**TASK BRIEF**
An exact copy is required of the lines running from the one that contains "CleverMade Collapsible Laundry" to the end of the material, both ends included, with pictures omitted.

**RECORDED INFORMATION**
++++++++++++++++++++
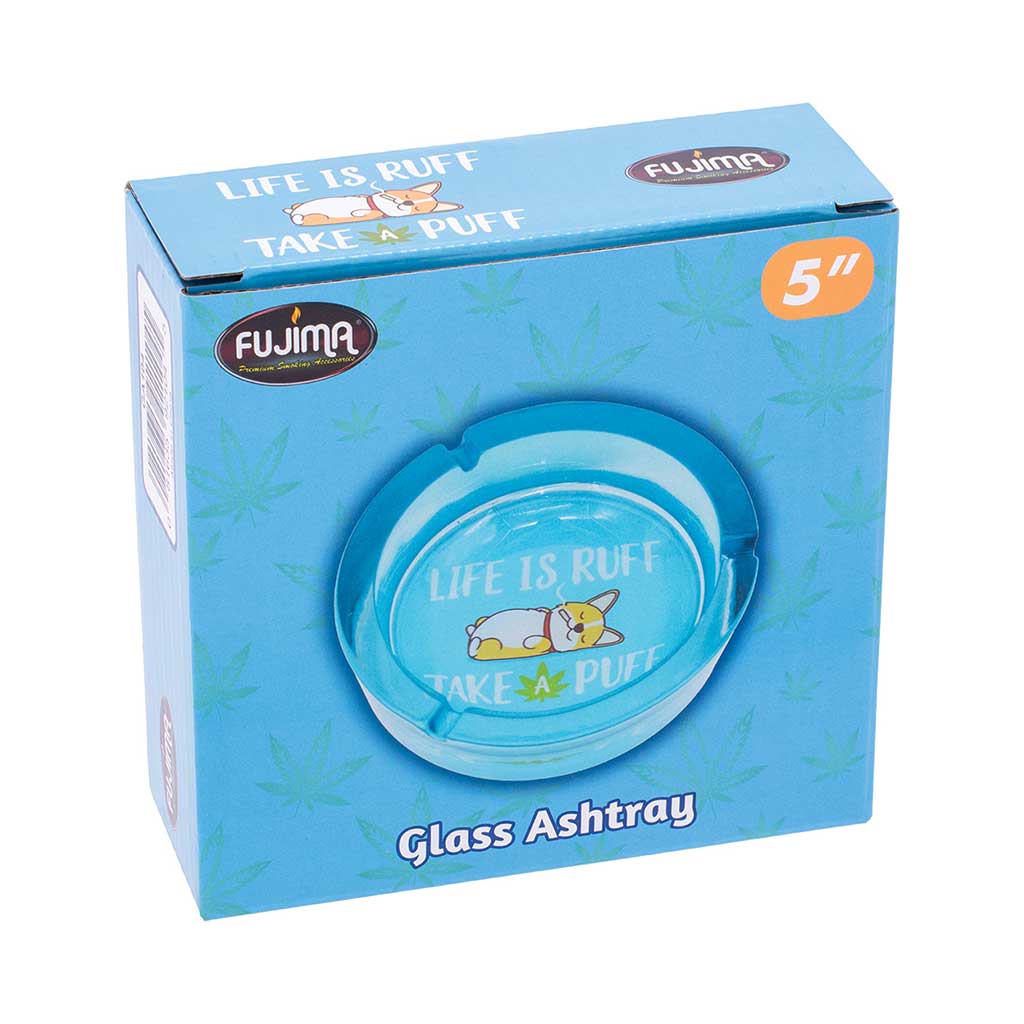 FUJIMA MEDIUM GLASS ASHTRAY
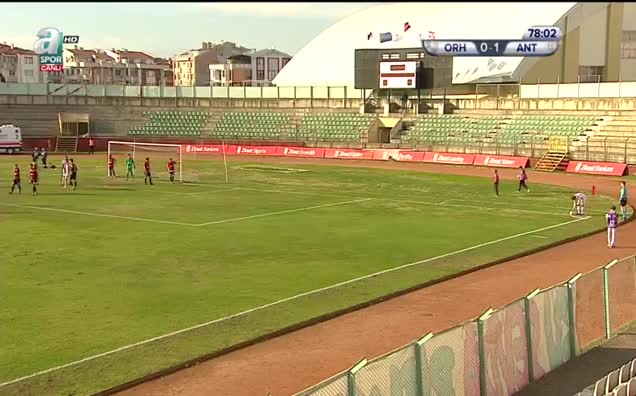 Orhangazispor: 0 - Antalyaspor: 2
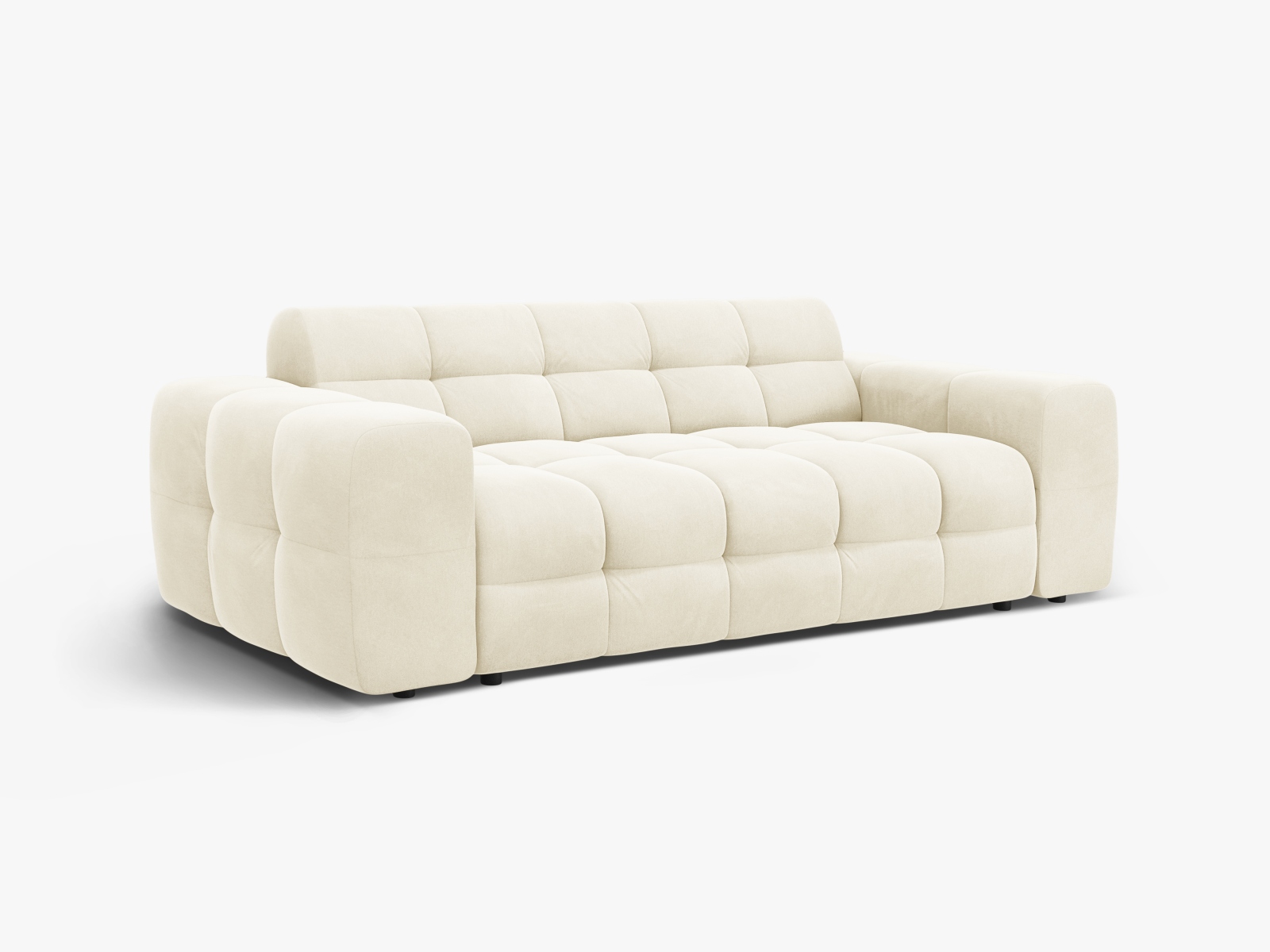Velvet Sofa, "Kendal", 3 Seats, 222x103x79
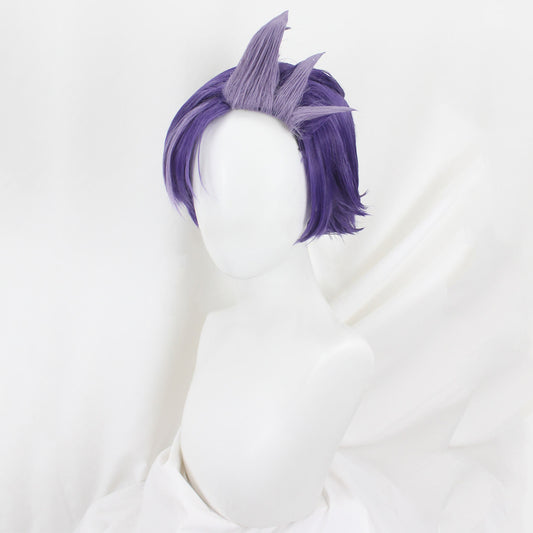 PM Scarlet and Violet Jacq Purple Cosplay Wig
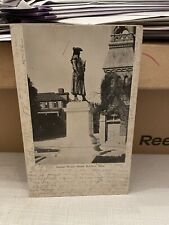 Vtg Postcard General Warren Statue Roxbury MA 1907 picture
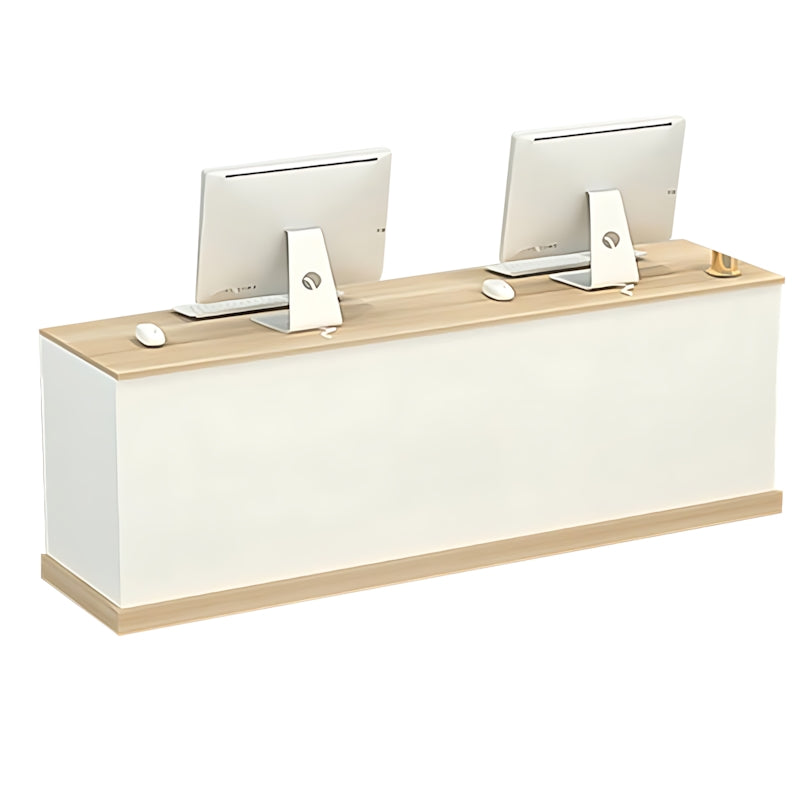 Simple Straight Front Desk with Lockable Drawers for Shops and Reception Areas JDT-10115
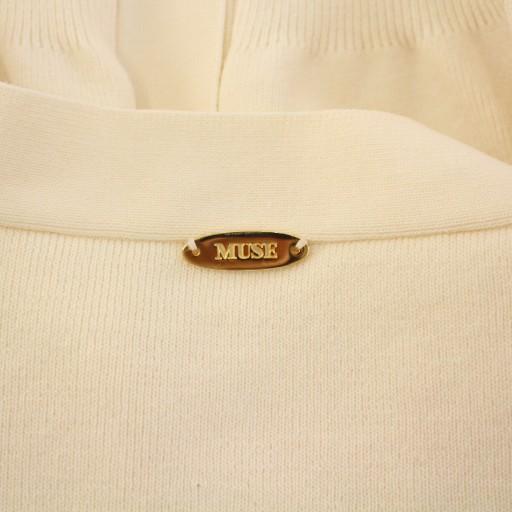 【中古】ミューズ ドゥーズィエム クラス Heartrich カーディガン ニット 長袖 Vネック ウール F アイボリー ミューズ ドゥーズィエム クラス Heartrich カーディガン ニット 長袖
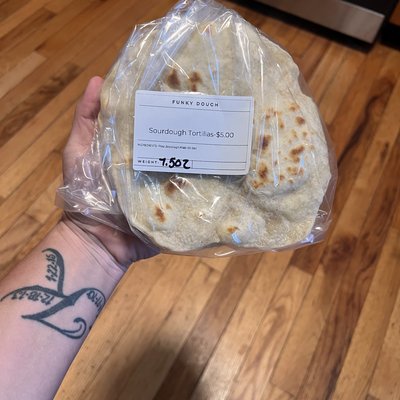 Sourdough Tortillas 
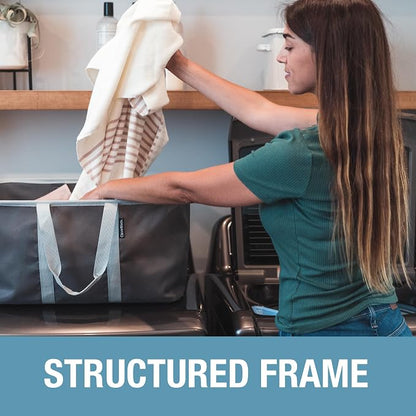 CleverMade Collapsible Laundry Tote - Image 6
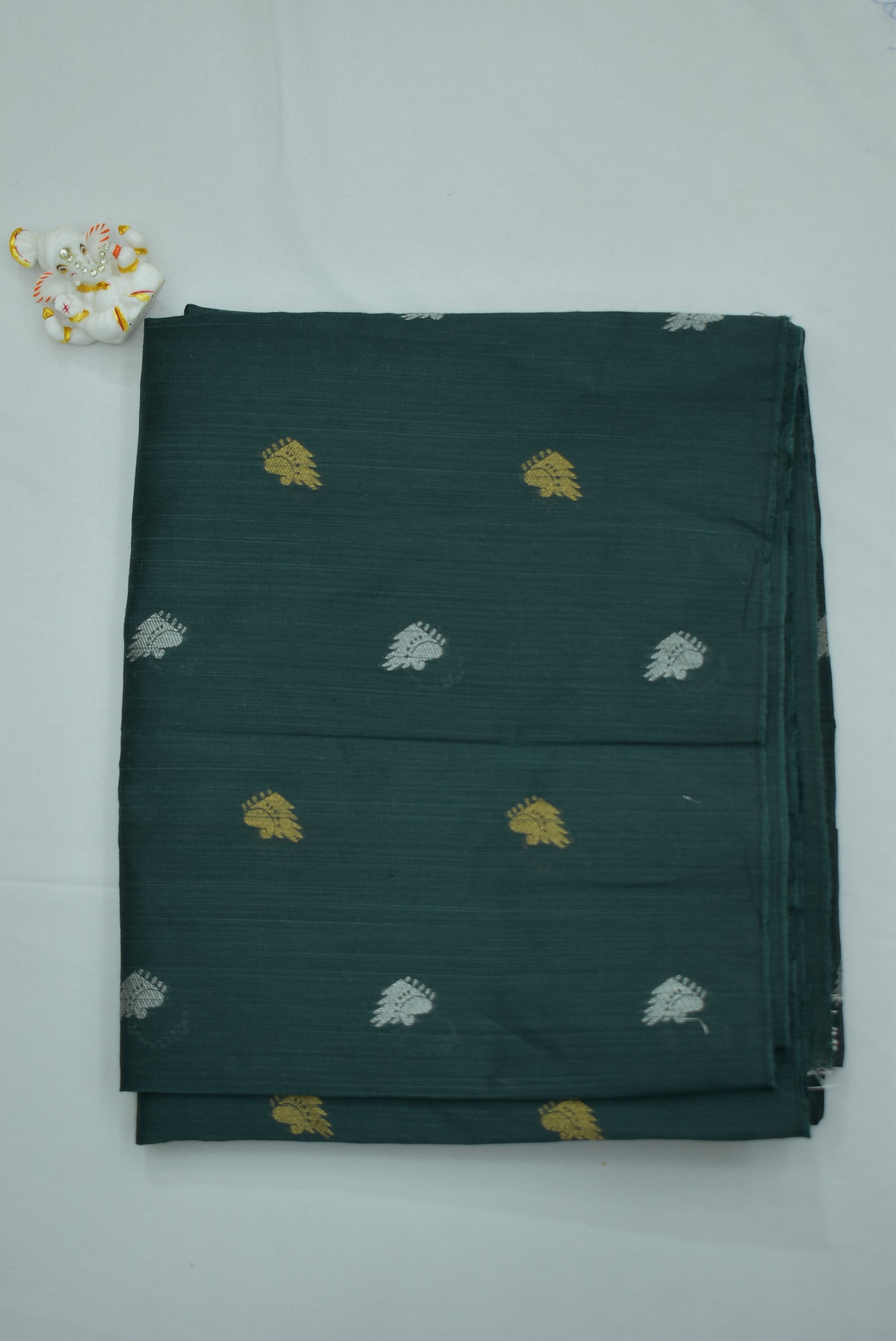 Bottle Green Silk Fabric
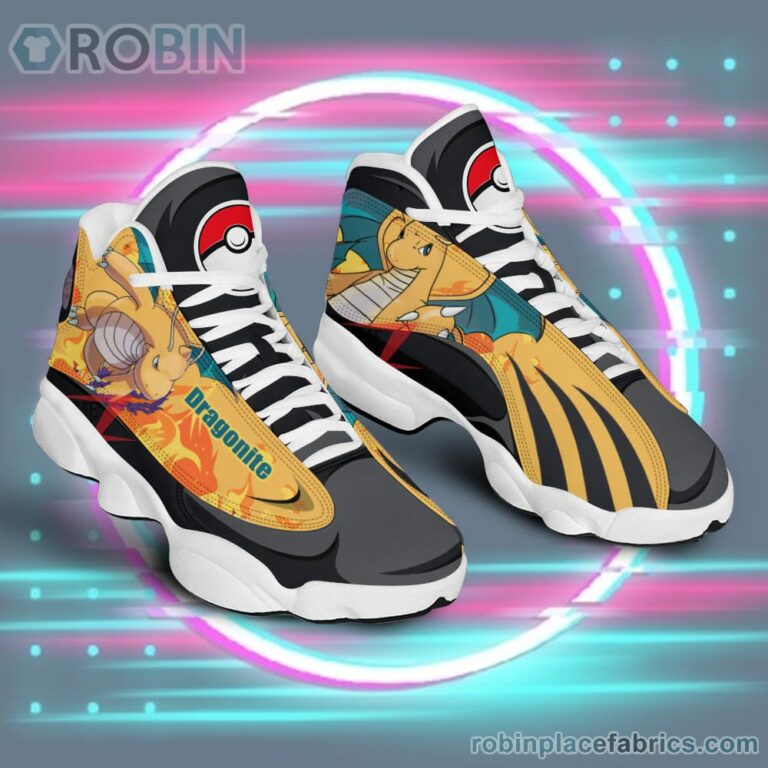 Anime Shoes Pokemon Dragonite Air Jordan 13 Sneakers
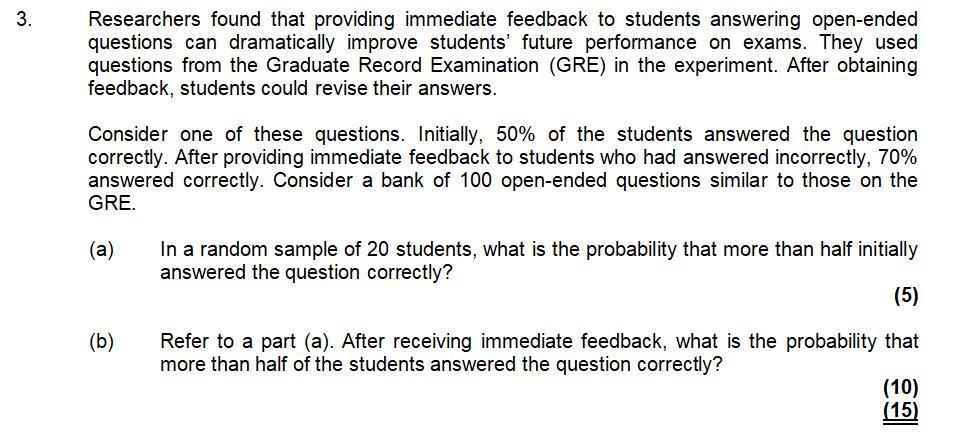 3 Researchers Found That Providing Immediate Feedback To Students Answering Open Ended Questions Can Dramatically Impro 1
++++++++++++++++++++
**ANSWER SPACE**
 CleverMade Collapsible Laundry Tote - Image 6
 Bottle Green Silk Fabric
 Anime Shoes Pokemon Dragonite Air Jordan 13 Sneakers
 3 Researchers Found That Providing Immediate Feedback To Students Answering Open Ended Questions Can Dramatically Impro 1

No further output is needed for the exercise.